The Bible is also a record of Satan’s attempts to fool the entire human race one way or another. The Bible contains the true story of a real fake — an exalted angel who tries to make people believe he is God. Thankfully, Satan’s fakeries and forgeries have been exposed so that we need not be fooled.
First, Satan’s forgeries. Not long after his first effort to counterfeit the wisdom of God in the Garden of Eden, we see Satan at work again, this time in the courts of Egypt.
God sent Moses and Aaron to Pharaoh, demanding that the king let God’s people go. When Pharaoh demanded a miracle, Aaron threw down his staff, and it became a snake (Exodus 7:8-12).

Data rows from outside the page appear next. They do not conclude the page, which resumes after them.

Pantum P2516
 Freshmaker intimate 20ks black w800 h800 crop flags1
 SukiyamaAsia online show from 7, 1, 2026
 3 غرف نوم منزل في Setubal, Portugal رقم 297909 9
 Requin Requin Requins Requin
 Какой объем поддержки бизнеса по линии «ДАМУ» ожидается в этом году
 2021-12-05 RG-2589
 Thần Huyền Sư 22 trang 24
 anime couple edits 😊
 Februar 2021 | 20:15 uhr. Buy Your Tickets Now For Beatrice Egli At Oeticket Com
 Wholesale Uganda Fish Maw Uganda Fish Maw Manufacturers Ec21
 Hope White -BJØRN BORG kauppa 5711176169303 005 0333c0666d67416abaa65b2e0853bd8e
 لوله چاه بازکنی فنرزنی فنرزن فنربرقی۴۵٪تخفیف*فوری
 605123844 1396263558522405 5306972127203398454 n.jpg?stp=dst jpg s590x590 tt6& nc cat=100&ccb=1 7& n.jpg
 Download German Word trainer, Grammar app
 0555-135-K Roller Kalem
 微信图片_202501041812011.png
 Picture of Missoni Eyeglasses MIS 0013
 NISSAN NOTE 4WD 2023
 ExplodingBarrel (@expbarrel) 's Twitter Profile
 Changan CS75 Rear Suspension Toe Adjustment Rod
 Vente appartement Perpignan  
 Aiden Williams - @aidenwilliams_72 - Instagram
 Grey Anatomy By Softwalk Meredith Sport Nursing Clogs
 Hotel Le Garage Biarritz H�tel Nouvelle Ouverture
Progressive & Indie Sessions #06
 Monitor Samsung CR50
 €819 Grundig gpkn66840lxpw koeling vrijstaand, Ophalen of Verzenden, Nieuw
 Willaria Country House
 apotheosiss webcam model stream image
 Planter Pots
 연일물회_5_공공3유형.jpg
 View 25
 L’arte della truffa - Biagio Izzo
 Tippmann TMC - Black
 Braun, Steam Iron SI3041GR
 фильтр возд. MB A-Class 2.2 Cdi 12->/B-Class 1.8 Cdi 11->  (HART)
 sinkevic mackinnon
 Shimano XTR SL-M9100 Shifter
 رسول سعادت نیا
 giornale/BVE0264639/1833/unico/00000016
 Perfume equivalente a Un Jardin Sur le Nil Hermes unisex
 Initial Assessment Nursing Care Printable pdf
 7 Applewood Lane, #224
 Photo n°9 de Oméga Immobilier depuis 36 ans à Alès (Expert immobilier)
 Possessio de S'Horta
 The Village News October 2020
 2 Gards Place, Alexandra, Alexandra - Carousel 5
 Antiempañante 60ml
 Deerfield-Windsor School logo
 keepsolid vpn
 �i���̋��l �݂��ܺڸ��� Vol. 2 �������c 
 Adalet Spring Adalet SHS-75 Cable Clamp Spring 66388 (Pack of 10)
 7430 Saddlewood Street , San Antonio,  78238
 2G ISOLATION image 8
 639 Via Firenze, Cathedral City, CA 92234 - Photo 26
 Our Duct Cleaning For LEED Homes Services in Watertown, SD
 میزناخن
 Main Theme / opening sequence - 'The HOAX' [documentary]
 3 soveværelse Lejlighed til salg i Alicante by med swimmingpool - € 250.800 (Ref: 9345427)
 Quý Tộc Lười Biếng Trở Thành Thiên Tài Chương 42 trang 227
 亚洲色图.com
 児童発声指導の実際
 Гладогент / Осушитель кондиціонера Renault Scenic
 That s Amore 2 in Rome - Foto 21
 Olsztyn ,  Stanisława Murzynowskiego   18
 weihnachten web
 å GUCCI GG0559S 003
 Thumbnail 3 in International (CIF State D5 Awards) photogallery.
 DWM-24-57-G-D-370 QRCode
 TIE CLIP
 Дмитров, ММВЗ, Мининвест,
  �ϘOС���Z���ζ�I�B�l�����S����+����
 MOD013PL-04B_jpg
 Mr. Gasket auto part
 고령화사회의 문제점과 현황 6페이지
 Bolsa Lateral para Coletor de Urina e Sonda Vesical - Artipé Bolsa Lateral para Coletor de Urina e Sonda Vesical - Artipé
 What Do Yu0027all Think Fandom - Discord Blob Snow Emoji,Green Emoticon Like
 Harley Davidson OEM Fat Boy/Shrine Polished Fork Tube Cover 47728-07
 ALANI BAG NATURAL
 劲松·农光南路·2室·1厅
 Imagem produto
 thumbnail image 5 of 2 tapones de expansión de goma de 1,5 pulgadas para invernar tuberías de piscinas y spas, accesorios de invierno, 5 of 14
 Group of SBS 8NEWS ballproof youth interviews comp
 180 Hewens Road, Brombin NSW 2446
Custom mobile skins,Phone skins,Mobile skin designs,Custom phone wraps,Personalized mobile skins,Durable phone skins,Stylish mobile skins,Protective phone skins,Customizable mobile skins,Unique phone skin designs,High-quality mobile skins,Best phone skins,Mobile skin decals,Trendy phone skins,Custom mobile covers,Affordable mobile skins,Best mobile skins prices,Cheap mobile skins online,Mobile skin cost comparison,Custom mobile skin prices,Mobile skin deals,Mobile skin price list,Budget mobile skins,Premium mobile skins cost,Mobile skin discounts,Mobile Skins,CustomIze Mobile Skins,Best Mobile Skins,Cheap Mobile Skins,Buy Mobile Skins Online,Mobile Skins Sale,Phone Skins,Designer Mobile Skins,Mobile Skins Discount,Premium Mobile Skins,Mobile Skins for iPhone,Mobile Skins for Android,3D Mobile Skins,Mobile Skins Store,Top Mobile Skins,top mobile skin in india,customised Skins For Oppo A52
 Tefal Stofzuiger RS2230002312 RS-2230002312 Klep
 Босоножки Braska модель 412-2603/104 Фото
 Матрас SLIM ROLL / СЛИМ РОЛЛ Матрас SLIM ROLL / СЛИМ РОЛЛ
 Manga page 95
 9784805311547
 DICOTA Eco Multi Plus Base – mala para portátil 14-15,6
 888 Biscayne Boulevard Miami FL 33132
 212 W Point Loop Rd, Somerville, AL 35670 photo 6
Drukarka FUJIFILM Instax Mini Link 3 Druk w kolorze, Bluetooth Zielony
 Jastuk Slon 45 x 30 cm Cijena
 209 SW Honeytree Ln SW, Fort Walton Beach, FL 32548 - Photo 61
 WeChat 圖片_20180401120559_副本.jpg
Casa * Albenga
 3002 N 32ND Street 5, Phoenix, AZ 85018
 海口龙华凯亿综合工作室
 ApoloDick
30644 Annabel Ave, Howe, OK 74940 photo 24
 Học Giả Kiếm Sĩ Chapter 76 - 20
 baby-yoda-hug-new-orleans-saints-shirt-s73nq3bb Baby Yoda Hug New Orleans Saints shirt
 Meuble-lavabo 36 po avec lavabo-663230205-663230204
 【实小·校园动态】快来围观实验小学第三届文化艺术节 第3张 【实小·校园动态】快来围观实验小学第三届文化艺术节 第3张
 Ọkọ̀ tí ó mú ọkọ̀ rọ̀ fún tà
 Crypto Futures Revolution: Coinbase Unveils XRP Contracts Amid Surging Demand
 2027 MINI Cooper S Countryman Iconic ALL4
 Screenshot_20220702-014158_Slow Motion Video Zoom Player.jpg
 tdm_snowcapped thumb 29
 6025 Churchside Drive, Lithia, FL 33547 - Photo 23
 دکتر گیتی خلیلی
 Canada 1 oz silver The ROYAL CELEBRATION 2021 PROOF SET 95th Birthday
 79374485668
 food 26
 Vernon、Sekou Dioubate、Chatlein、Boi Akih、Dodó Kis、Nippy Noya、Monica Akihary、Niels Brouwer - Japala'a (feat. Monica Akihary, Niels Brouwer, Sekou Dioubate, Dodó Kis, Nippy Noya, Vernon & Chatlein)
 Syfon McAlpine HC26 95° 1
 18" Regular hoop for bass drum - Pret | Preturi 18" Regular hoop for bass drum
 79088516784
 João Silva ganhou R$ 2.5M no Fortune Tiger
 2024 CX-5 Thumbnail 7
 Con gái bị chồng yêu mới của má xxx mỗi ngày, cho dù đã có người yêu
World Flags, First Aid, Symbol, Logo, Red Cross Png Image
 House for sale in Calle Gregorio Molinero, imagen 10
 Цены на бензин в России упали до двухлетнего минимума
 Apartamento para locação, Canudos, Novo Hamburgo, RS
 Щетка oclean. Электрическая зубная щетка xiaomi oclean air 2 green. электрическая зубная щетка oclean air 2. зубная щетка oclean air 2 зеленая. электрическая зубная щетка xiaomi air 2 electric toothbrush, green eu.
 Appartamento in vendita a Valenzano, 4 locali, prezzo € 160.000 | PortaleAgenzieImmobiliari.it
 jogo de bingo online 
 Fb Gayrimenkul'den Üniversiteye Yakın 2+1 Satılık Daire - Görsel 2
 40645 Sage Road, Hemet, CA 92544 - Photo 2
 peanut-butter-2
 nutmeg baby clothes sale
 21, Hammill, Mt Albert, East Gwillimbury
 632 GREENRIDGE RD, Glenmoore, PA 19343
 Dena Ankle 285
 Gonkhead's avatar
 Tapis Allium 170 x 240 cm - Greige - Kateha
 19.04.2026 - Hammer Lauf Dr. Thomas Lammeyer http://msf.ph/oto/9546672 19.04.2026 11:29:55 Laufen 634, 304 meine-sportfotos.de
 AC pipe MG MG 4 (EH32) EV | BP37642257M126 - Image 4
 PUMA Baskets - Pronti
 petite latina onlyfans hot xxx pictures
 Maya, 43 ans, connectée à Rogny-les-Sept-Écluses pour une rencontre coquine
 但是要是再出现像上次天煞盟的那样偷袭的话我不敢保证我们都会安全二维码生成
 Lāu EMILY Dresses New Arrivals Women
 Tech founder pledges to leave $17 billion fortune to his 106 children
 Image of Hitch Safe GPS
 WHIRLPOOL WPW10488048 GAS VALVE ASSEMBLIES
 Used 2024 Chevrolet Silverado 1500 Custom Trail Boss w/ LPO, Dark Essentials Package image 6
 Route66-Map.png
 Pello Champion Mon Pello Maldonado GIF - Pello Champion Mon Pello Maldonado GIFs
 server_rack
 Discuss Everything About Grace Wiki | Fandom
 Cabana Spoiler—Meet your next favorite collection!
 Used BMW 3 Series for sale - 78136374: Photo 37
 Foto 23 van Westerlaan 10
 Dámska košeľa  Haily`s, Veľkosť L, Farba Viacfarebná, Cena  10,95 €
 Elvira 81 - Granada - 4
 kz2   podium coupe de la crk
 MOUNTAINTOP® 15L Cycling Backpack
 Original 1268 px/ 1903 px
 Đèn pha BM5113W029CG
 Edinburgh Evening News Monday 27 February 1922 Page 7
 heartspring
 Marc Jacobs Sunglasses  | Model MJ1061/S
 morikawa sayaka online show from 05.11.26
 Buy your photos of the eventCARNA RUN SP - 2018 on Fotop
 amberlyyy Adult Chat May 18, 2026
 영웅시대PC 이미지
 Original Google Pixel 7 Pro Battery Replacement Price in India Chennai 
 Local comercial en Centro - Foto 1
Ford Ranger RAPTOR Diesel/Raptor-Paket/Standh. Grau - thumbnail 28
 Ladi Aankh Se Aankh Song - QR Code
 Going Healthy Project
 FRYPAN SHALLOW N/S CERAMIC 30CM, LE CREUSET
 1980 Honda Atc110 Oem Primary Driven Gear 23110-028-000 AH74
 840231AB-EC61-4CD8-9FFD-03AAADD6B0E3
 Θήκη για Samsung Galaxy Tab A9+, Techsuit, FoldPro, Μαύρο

But Pharaoh’s sorcerers and magicians also threw down their staffs, all of which became serpents as well. By their occult “enchantments” (verse 11), Pharaoh’s wise men counterfeited the power of God — almost: Aaron’s snake ate up the magicians’ snakes.
Satan is a forger who can counterfeit some of the power of God. Don’t fall for every miracle you see unless you want your spiritual bank account to be drained.
Second, Satan’s fakeries. The apostle Paul came face to face with Satan’s fakes in his missionary efforts. There were fake apostles in Corinth who were trying to be something they weren’t: God-called apostles like the apostle Paul. They were “transforming themselves into apostles of Christ,” (2 Corinthians 11:13) fooling some, but not Paul.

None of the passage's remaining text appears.